The leader of the Senate, Republican Mitch McConnell, said the nomination should fall to the next president. The Republican-led Senate would confirm any nominee by Obama.
Republican presidential candidates Ted Cruz and Marco Rubio also said Obama should hold off on a nomination.
Democrats immediately raised objections. The Senate’s top Democrat, Harry Reid, said it would be “unprecedented in recent history” for the Supreme Court to go a year with a vacancy and urged Obama to send the Senate a nominee right away.
Leaders in both parties are likely to use the vacancy to implore voters to nominate presidential candidates with the best chance of winning in November’s general election.
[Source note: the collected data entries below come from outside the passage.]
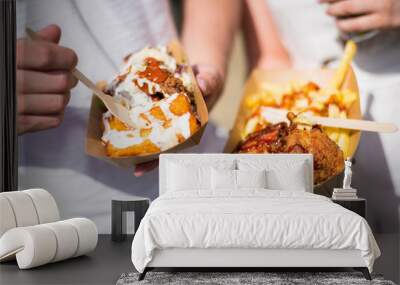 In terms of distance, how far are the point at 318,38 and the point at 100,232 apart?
2.43 meters

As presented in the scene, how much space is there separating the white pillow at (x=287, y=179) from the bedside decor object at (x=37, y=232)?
4.39ft

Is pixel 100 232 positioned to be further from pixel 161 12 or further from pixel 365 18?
pixel 365 18

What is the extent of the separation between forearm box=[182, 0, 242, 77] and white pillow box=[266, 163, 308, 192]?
1120 millimetres

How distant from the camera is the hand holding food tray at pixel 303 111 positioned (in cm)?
589

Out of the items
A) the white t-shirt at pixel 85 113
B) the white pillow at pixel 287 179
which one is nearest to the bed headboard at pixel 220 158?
the white pillow at pixel 287 179

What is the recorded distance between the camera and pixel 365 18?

In a statement Saturday, McConnell mourned Scalia, calling him an “unwavering champion of a timeless document that unites each of us as Americans” — the Constitution. He offered condolences to the Scalia family.
The leader of the Senate sent a clear message to Obama that if he nominates a successor to Scalia, that individual is unlikely to win Senate confirmation.
McConnell said the American people should have a voice in the selection of the next justice, and the vacancy should not be filled until after a new president takes office in January 2017.